Wyatt Miller

Profile
- Position: Offensive tackle

Personal information
- Born: October 23, 1995 (age 29) Douglas, Georgia, U.S.
- Height: 6 ft 5 in (1.96 m)
- Weight: 298 lb (135 kg)

Career information
- High school: Coffee (GA)
- College: UCF
- NFL draft: 2019: undrafted

Career history
- New York Jets (2019)*; Cincinnati Bengals (2019)*; Dallas Cowboys (2019); Seattle Seahawks (2020)*; Kansas City Chiefs (2021)*; San Francisco 49ers (2021)*; Carolina Panthers (2022)*; Cleveland Browns (2022)*;
- * Offseason and/or practice squad member only

Awards and highlights
- Colley Matrix national champion (2017); 2× Second-team All-AAC (2017, 2018);
- Stats at Pro Football Reference

= Wyatt Miller =

American football player (born 1995)

Wyatt Miller (born October 23, 1995) is an American former football offensive tackle. He played college football at the University of Central Florida. He was a member of eight NFL teams but never appeared in a game.

==Early life==
Miller attended Coffee High School. As a junior, he played tight end and registered only one reception for 17 yards. As a senior, he was moved to offensive tackle and was selected to the All-Region first-team.

He lettered four years in baseball and one year in basketball. As a senior, he was a first baseman and hit for a .330 average, while receiving All-region honors.

==College career==
Miller accepted a football scholarship from the University of Central Florida. As a redshirt freshman, he appeared in 10 games, starting 8 contests at right tackle. As a sophomore, we was named the starter at right tackle and appeared in 13 games. As a junior, he started 13 games at right tackle. He was part of the team that went undefeated.

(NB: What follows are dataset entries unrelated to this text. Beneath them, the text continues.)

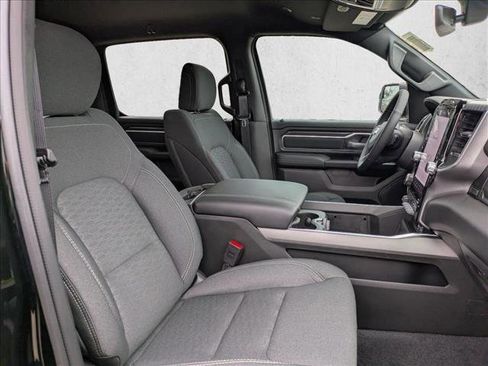 New 2026 RAM 1500 Lone Star image 16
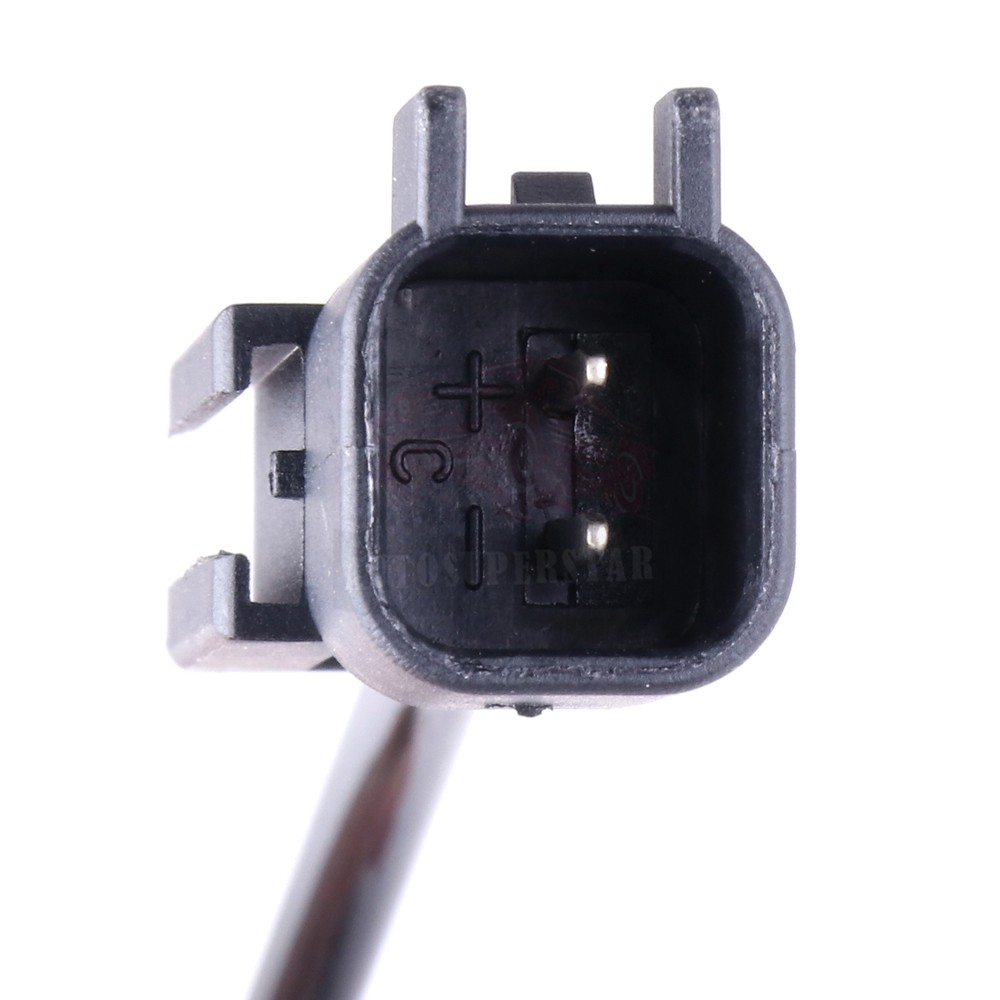 2 pcs Front ABS Wheel Speed Sensor For Dodge Journey For Chrysler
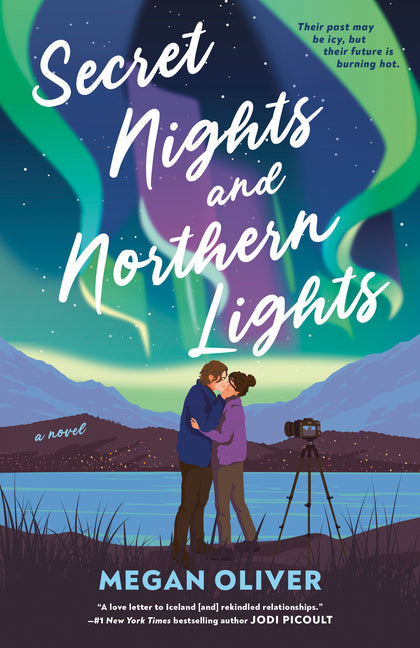 Secret Nights and Northern Lights - Ingram
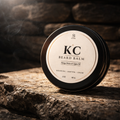 KC Beard Balm (Unsented)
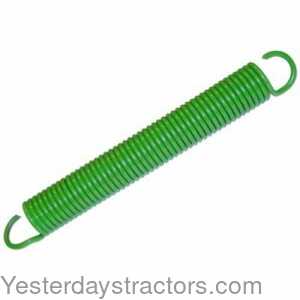 John Deere 430 3 Point Return Spring 125690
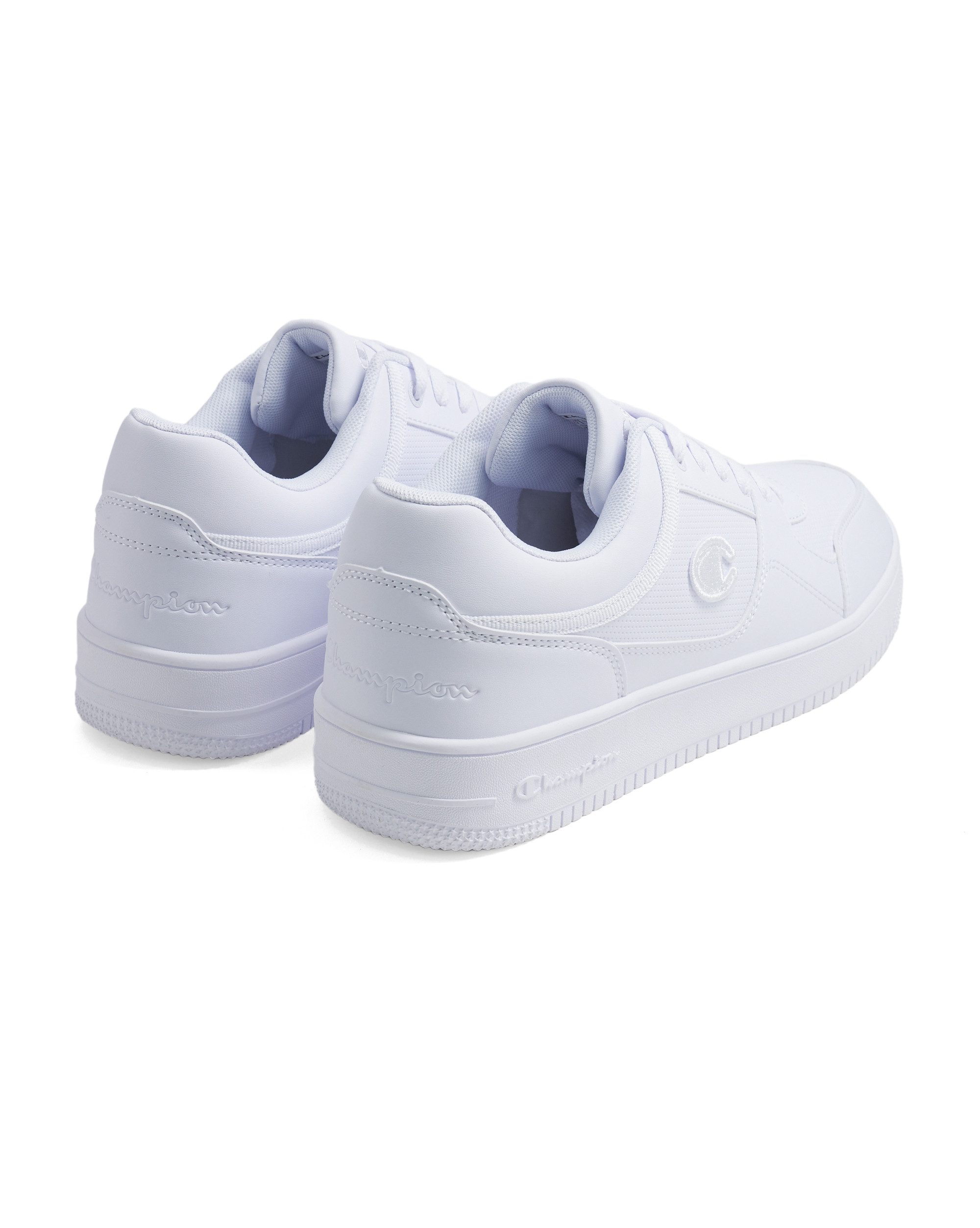 Champion Sneakers RD18 VINTAGE LOW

As a senior, he was named the starter at left tackle and appeared in 13 games. He finished his college career after playing in 49 games with 47 starts.

==Professional career==

Pre-draft measurables
| Height | Weight | Arm length | Hand span | 40-yard dash | 10-yard split | 20-yard split | 20-yard shuttle | Three-cone drill | Vertical jump | Broad jump | Bench press |
| 6 ft 5+1⁄2 in (1.97 m) | 302 lb (137 kg) | 34+3⁄4 in (0.88 m) | 9+3⁄4 in (0.25 m) | 5.37 s | 1.82 s | 3.06 s | 4.78 s | 8.00 s | 26.5 in (0.67 m) | 8 ft 5 in (2.57 m) | 14 reps |
All values from Pro Day

===New York Jets===
Miller was signed by the New York Jets as an undrafted free agent after the 2019 NFL draft on May 10. He was waived on August 31.

===Cincinnati Bengals===
On September 2, 2019, he was signed to the Cincinnati Bengals' practice squad.

===Dallas Cowboys===
On December 24, 2019, he was signed by the Dallas Cowboys from the Cincinnati Bengals' practice squad, to take the roster spot of the injured Xavier Su'a-Filo. He was declared inactive in the season finale against the Washington Redskins. He was waived/injured by the Cowboys on September 2, 2020, and subsequently reverted to the team's injured reserve list the next day. He was waived a day later with an injury settlement.

===Seattle Seahawks===
On December 17, 2020, Miller was signed to the Seattle Seahawks' practice squad. He was released on January 5, 2021.

===Kansas City Chiefs===
On June 14, 2021, Miller signed with the Kansas City Chiefs. He was released on August 31, 2021.

===San Francisco 49ers===
On December 15, 2021, Miller was signed to the San Francisco 49ers.

===Carolina Panthers===
On May 16, 2022, the Carolina Panthers signed Miller. He was waived on August 14, 2022.

===Cleveland Browns===
On August 17, 2022, Miller signed with the Cleveland Browns. He was waived on August 22, 2022.